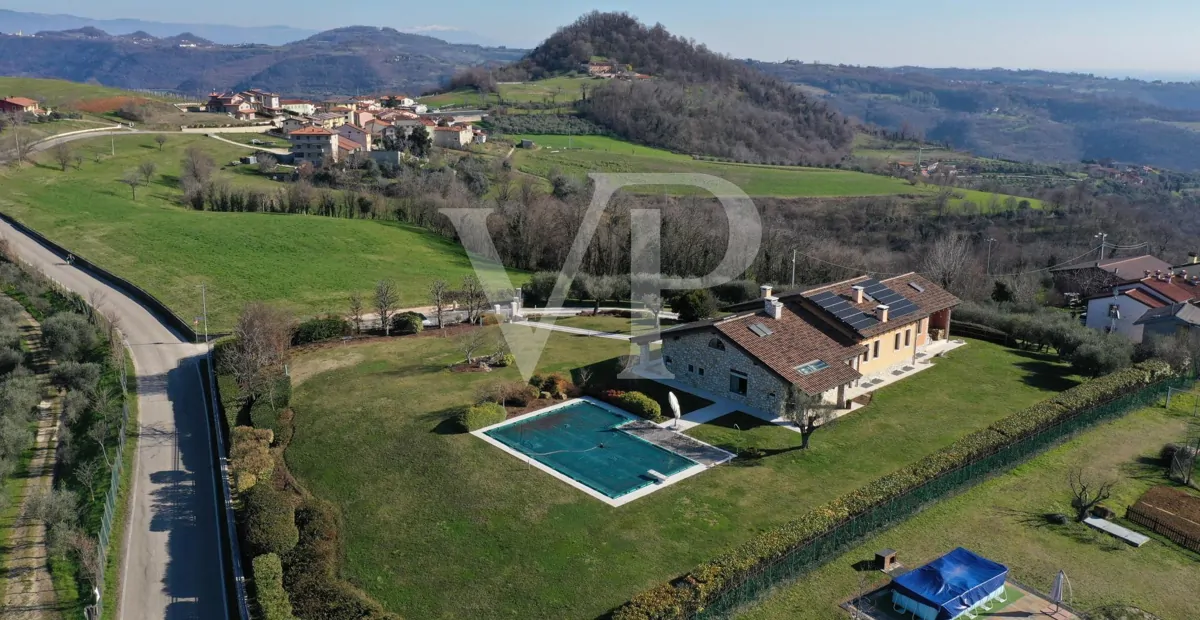 Esclusiva Villa panoramica con piscina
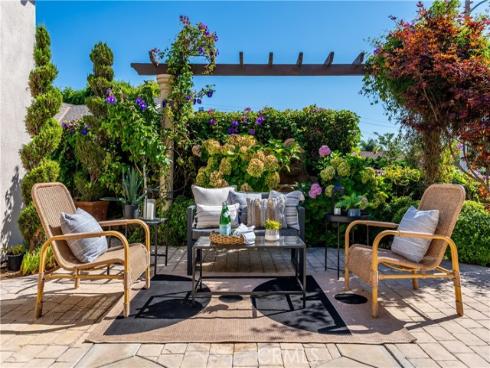 12592 Argyle Drive, Rossmoor, CA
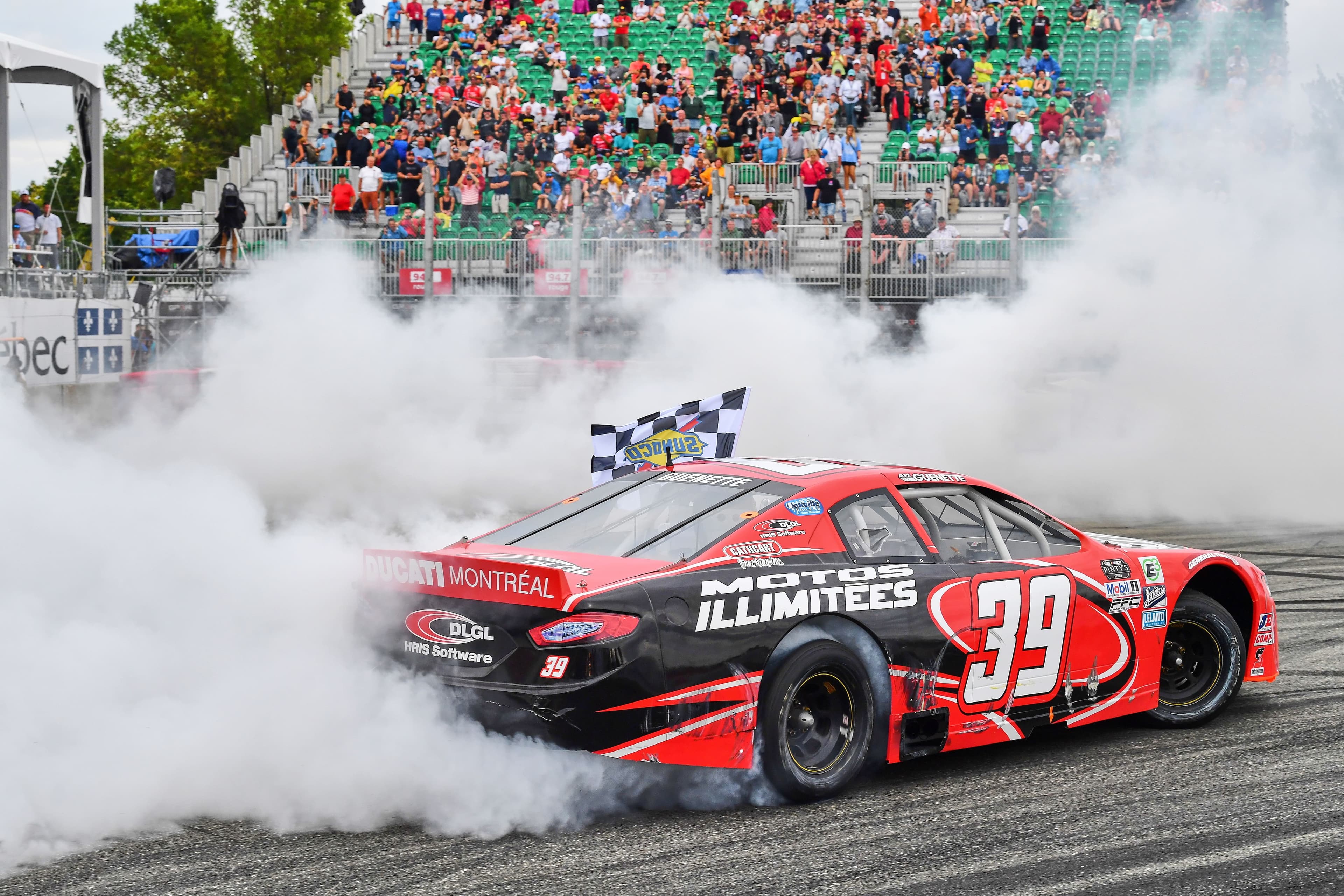 Une première victoire en Série NASCAR Pinty’s hautement célébrée par Alex Guénette, hier, au GP de Trois-Rivières.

Exercise
In your copy, omit the pictures and restate every line of the data word for word.

Solution below
 Esclusiva Villa panoramica con piscina
 12592 Argyle Drive, Rossmoor, CA
 Une première victoire en Série NASCAR Pinty’s hautement célébrée par Alex Guénette, hier, au GP de Trois-Rivières.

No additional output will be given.